General taxation of non-US investors
Generally, ordinary income received by an Investor who is a nonresident alien individual and who is not engaged in the conduct of a United States trade or business will be subject to the 30% federal withholding tax, unless such tax is reduced or eliminated pursuant to a treaty between the United States and the country where the Investor has his or her tax home. Gain realized on the sale, exchange, or redemption of RSAs by a nonresident alien individual generally will not be subject to tax by the United States. If a nonresident alien individual is present in the United States for 183 days or more during the year, or if such an Investor is engaged in the conduct of a United States trade or business, then the Investor should consult his or her own tax advisor regarding the tax consequences of holding the RSAs.
General tax considerations
Investors in the RSAs are urged to consult their tax advisors concerning the federal, state, local and foreign income tax consequences of acquiring, owning, and disposing of, the RSAs as well as the application of state, local and foreign income and other tax laws. Any federal tax discussion contained in these Offering Materials, including any attachments, was written in connection with the Offering of the RSAs by the Company, and is not intended or written to be used, by anyone for the purpose of avoiding federal tax penalties that may be imposed by the federal government. Nothing in these Offering Materials shall be deemed tax or legal advice by the Company or its members.

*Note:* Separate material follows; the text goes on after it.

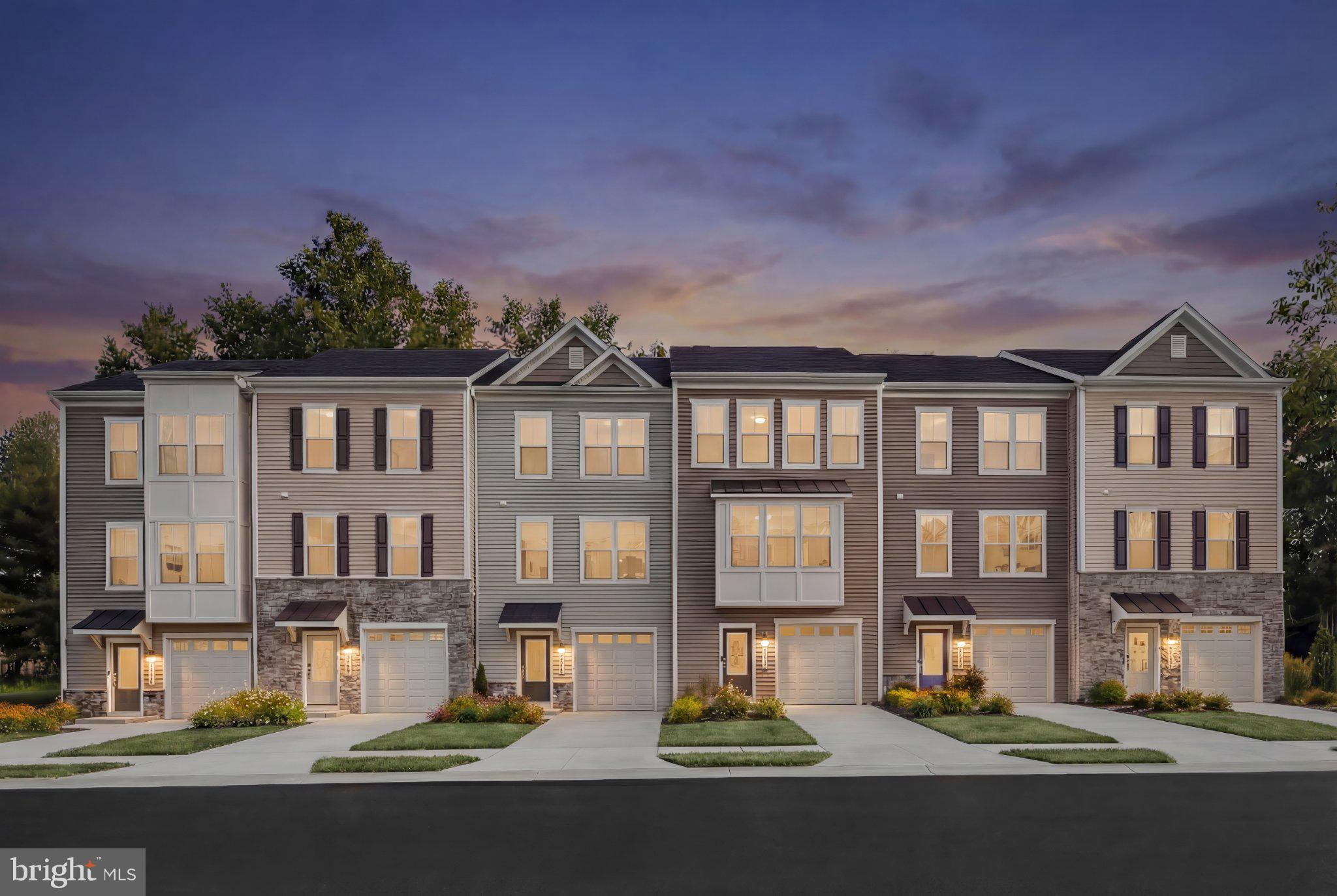 **Frederick's Only New Construction Townhome Community Backing to Ballenger Creek Park with No City Taxes!**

The tax-related information herein summarizes certain material U.S. federal income tax aspects of the purchase and ownership of the RSAs. This summary is based upon the Internal Revenue Code of 1986, as amended (the “Code”), the regulations thereunder, published administrative rulings, and judicial decisions in effect on the date of the Offering Materials. No assurance can be given that future legislative or administrative changes or court decisions will not significantly modify the statements expressed in these Offering Materials. Any such changes may or may not be retroactive with respect to transactions completed prior to the effective dates of such changes.

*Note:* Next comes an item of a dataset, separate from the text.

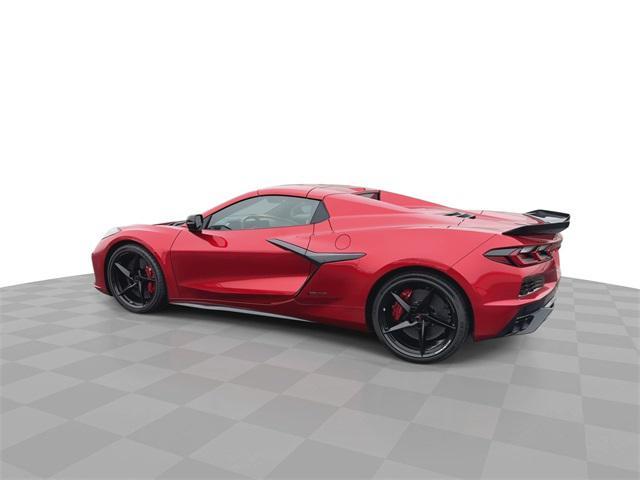 new 2025 Chevrolet Corvette E-Ray car, priced at $133,585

The tax-related information herein is a general discussion of U.S. federal income tax consequences of investing in RSAs by individuals and does not purport to deal with all federal income tax consequences applicable thereto or the federal income tax consequences applicable to all categories of Investors, some of which may be subject to special rules (e.g., Investors who do not reside in or citizens of the U.S.). This discussion is not intended as a substitute for careful tax planning. Any federal tax discussion contained in these Offering Materials, including any attachments, was written in connection with the offering of RSAs by the Company, and is not intended or written to be used, by anyone for the purpose of avoiding federal tax penalties that may be imposed by the federal government. Investors are urged to consult their own tax advisors, lawyers, or accountants with specific reference to their own tax situations.
Backup withholding with respect to the RSAs
Under certain circumstances, interest paid on RSAs may be subject to "backup withholding" of federal income tax. Backup withholding does not apply to corporations and certain other exempt recipients which may be required to establish their exempt status. Backup withholding generally applies if, among other circumstances, a non-exempt holder fails to furnish his or her correct social security number or other taxpayer identification number. Special backup withholding rules may apply when payment is made through one or more financial institutions or by a custodian, nominee, broker or other agent of the shareholder. If applicable, Investors should contact their brokers to ensure that the appropriate procedures are followed which will prevent the imposition of backup withholding.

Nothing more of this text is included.